To some extent McClurken's quantitative research does accomplish what he set out to do: gain a broader understanding of the veterans as a group and identify larger trends in their postwar experiences. Numbers, however, cannot easily provide a sense of the human shape, attitudes, or personalities of these historical subjects. Perhaps combining the quantitative data with richer qualitative sources and a deeper examination of the lives of just a few veteran families from the larger group would have filled in more gaps and put flesh and blood on the silhouettes of these suffering survivors. In addition, though McClurken's focus justifiably falls on whites in the postwar period, taking into account the larger context of race and the postwar labor situation in the county would have strengthened the book. Before and during the war, almost half the residents of Pittsylvania County were slaves, and unlike most other Virginia counties, slaveholding in Pittsylvania was pretty evenly distributed, with a high number of smaller farmers owning a few slaves.

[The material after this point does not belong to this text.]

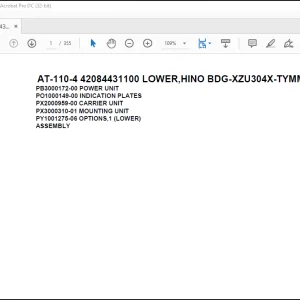 Tadano Crane AT-110-4 42084431100 LOWER,HINO BDG-XZU304X-TYMMB6 Spare Parts Catalog Manual  - PDF DOWNLOAD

A more complete examination of how veteran households handled the loss of slaves and the transition to free labor, as well as consideration of how those challenges combined with veterans' other war-related problems, would have created a fuller picture of the realities that these families faced everyday.
I doubt that the aforementioned criticisms of Take Care of the Living come as a surprise to its author. I raise them, though, for those who will continue the important work that McClurken has begun. The questions he raises are good ones, and his book will serve as a valuable base for future research on the impact of the war and the development of social welfare in the South.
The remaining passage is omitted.